Links to files using “file:////” are disabled by default in just about every browser except possibly Internet Explorer because it is an easily exploitable security vulnerability. Malicious sites could detect your operating system or installed applications by checking default installation paths, or worse, browse your cookies, sifting for sensitive data. As system vulnerabilities are discovered, files related to exploits could also be detected.

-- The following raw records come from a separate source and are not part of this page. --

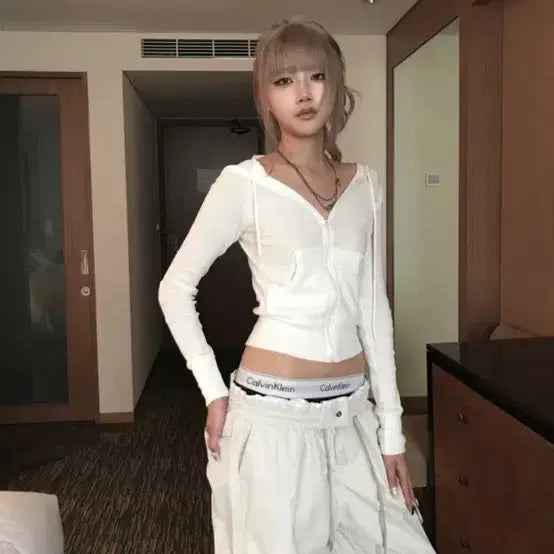 [BUNJANG] Kyo-i Zero Gravity Cropped Hoodie / 쿄이 제로 그래비티 후드집업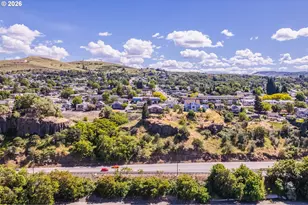 1631 E 9th St, The Dalles, OR 97058 - Photo 44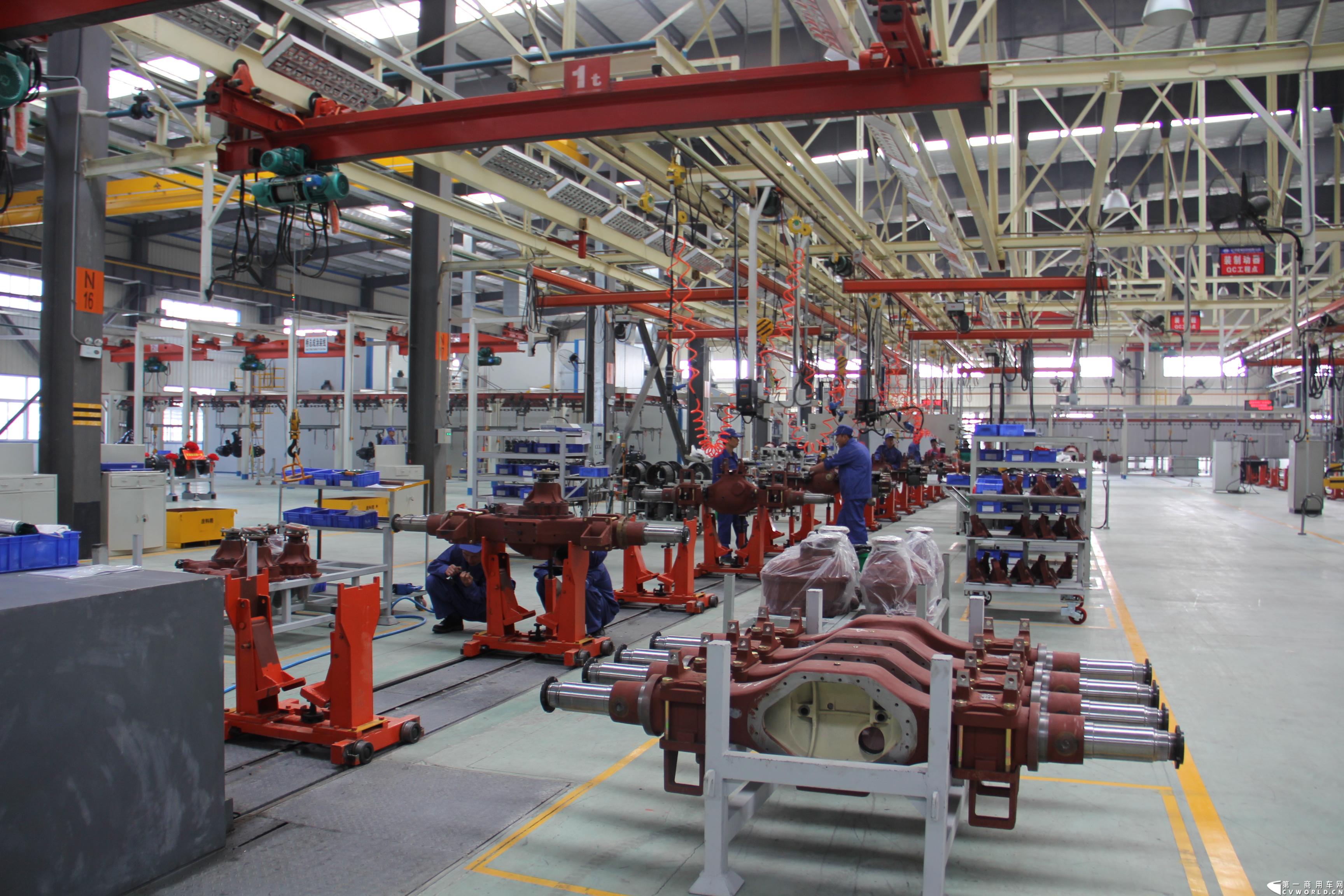 2013年10月18日，芜湖蓬翔车桥有限公司投产仪式在芜湖市三山区隆重举行，此举意味着，在2011年2月开工的山东蓬翔车桥芜湖工厂，于两年后完成了一期工程建设，具备了十万根重卡车桥的年生产能力。图为蓬翔车桥芜湖工厂生产线。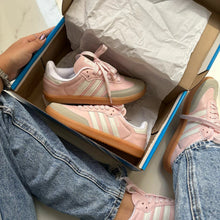 Carregar imagem no visualizador da galeria, Tênis Samba OG - ROSA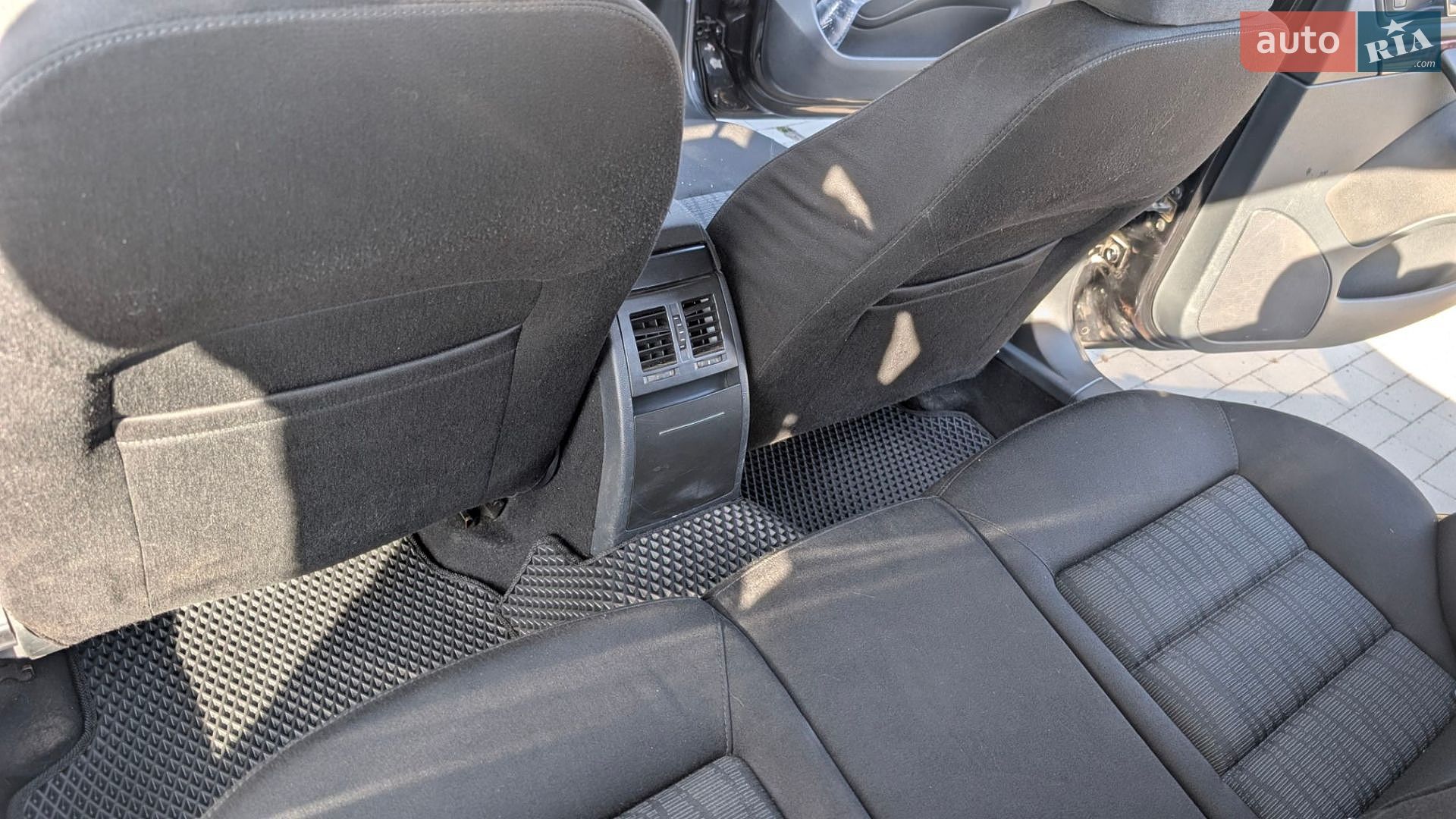 Skoda Octavia 2011 VIN Y6UBK41Z5CB151836 фото оголошення 12 з 21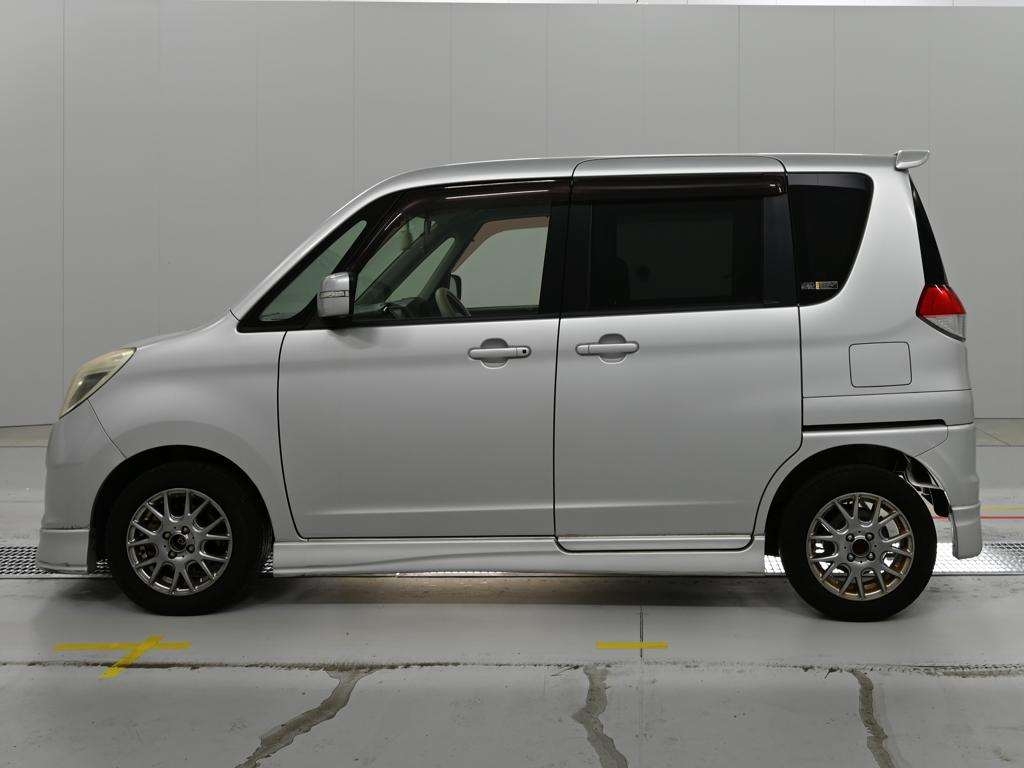 MITSUBISHI DELICA D:2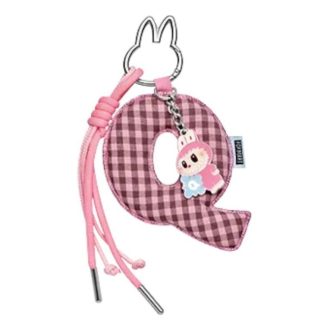 Pin Labubu para colgante de letra de amor “Q”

If you simply have to have the file Uniform Naming Convention (UNC) working in Firefox, there are a few ways to do it.
You can just enable it the Mozilla intended way, which is the most straightforward fix.
In the URL bar type “about:config” and make sure the security.checkloaduri preference’s boolean value is set to true. Also, If you set “security.fileuri.strict_origin_policy” to false this makes local documents have access to all other local documents, including directory listings.
Or there’s mozilla addons to make it more interactive, but this addon was broken in the latest versions of Firefox the last time I checked. The LocalLink addon from mozilla.org allows you to override security on a per-click basis, which is what I prefer.
The IETab addon from mozilla.org will open straight into explorer.exe which is what you probably want if you’re on a Windows XP, Vista, or Windows 7.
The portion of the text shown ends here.